Long Chen Paper Co (榮成紙業) has made and sold cardboard packaging in China for more than two decades, and had never made a loss there until US President Donald Trump and Chinese President Xi Jinping (習近平) began their face-off over trade.
Caught in the tariff crossfire, Long Chen and other Taiwanese companies have suddenly found much less appeal in doing business across the Taiwan Strait.
That adversity has been seized upon an opportunity by President Tsai Ing-wen (蔡英文), whose government last year started an “Invest Taiwan” campaign to lure companies away from China.

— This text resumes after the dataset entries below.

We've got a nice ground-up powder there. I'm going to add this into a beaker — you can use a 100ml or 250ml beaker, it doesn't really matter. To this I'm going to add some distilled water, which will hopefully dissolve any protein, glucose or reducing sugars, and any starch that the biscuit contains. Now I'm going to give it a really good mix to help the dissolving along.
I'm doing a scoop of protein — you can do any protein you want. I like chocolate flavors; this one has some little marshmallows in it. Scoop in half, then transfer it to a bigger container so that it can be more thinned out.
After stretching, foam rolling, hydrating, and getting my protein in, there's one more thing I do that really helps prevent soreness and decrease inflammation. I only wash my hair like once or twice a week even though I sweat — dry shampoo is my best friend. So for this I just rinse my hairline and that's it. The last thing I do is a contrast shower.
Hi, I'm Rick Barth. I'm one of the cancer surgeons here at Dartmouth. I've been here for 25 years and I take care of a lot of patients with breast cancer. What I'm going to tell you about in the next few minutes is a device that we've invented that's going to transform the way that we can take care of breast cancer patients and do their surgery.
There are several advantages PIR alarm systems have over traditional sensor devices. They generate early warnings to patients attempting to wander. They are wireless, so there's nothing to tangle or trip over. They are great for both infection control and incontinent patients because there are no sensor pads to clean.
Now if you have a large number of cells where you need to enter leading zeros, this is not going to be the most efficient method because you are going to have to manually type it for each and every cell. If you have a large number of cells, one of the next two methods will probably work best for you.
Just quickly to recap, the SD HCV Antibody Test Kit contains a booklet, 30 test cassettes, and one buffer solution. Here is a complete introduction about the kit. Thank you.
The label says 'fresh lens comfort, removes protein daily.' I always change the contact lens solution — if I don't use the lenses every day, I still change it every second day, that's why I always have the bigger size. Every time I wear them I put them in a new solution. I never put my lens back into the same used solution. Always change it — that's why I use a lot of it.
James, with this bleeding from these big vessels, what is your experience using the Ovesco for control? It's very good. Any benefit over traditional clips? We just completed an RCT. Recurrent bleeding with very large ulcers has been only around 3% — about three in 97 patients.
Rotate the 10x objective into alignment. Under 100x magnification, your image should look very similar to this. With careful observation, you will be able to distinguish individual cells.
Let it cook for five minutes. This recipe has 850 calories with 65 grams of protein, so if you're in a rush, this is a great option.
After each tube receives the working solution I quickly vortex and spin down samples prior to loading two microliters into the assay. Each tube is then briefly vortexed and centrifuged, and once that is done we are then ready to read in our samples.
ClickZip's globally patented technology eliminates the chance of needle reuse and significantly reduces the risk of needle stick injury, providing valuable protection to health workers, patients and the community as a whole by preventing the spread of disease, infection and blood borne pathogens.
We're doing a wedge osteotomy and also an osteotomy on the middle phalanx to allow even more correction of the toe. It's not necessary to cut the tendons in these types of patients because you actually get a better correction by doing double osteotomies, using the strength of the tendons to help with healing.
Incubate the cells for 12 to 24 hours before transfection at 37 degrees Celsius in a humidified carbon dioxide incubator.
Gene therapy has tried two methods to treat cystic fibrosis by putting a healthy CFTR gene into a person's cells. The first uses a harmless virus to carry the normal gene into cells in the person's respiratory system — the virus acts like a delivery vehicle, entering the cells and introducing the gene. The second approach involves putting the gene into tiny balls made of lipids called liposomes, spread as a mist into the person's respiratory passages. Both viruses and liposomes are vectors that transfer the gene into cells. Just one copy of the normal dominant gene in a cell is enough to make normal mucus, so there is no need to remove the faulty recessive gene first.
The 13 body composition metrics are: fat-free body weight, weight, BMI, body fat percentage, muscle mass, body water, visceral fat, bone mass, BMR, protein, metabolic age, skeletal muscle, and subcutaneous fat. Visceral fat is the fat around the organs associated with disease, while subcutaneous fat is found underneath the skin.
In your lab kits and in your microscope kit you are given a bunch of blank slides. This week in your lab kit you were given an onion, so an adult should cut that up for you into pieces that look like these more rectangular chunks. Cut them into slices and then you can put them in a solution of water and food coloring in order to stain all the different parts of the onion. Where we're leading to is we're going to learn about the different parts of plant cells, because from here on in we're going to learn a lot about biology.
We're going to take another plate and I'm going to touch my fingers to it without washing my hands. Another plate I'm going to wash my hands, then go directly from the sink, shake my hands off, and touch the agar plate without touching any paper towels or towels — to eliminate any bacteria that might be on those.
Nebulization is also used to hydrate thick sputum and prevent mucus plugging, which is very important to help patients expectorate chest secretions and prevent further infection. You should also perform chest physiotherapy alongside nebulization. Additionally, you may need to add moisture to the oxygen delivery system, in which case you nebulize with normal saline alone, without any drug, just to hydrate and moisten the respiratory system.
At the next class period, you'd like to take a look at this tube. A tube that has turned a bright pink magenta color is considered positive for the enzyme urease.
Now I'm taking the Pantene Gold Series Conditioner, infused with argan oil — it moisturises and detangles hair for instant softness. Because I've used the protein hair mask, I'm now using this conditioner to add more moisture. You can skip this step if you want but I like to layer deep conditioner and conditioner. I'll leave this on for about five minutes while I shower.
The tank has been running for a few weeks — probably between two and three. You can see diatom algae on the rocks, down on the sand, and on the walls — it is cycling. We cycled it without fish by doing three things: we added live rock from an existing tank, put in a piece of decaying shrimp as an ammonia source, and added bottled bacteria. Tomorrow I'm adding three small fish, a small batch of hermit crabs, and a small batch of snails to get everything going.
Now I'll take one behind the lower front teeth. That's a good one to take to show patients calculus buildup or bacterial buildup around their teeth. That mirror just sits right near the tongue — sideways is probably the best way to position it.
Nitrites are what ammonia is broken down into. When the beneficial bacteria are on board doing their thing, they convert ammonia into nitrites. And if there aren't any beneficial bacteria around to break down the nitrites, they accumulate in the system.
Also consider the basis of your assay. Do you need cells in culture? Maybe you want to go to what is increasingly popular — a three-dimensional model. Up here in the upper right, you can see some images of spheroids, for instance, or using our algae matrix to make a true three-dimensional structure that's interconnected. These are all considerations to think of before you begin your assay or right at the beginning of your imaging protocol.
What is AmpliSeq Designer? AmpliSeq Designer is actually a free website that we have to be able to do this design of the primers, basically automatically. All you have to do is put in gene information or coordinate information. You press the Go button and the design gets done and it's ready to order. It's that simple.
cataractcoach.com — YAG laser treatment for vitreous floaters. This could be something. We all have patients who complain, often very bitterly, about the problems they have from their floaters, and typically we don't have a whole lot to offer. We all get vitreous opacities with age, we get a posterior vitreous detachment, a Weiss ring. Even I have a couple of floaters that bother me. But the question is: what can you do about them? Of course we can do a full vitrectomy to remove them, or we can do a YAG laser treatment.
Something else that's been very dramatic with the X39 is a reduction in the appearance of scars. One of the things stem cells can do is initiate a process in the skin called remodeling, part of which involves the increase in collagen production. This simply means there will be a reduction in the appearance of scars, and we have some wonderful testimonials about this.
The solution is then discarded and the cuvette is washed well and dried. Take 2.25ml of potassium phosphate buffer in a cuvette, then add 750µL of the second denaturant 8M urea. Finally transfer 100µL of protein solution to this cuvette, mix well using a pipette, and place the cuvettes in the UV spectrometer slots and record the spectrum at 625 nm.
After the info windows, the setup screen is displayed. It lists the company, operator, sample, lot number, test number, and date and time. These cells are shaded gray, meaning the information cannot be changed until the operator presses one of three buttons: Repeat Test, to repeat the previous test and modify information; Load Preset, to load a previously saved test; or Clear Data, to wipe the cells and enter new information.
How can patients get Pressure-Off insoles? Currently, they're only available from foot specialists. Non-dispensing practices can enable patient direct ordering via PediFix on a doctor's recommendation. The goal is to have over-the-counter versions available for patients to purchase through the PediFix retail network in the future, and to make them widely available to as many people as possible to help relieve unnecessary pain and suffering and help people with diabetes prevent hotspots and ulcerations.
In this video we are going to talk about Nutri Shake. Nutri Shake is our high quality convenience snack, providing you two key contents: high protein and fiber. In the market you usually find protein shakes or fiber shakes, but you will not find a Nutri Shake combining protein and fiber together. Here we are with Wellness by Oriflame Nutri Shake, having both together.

This year, her government has focused specifically on Taiwanese firms with operations in China, helping them overcome the nation’s shortages of land, electricity, water, labor and talent.
So far, it appears to be a hit. As of Friday last week, 40 companies, from a maker of network devices to a tap producer, have committed to investing a combined US$6.7 billion and creating 21,200 jobs — on track to exceed all the government’s targets.
The additional homecoming investment in combination with overseas flows could propel all investment from abroad to a new high this year, surpassing the previous record of US$15.4 billion made in 2007 under former president Chen Shui-bian (陳水扁).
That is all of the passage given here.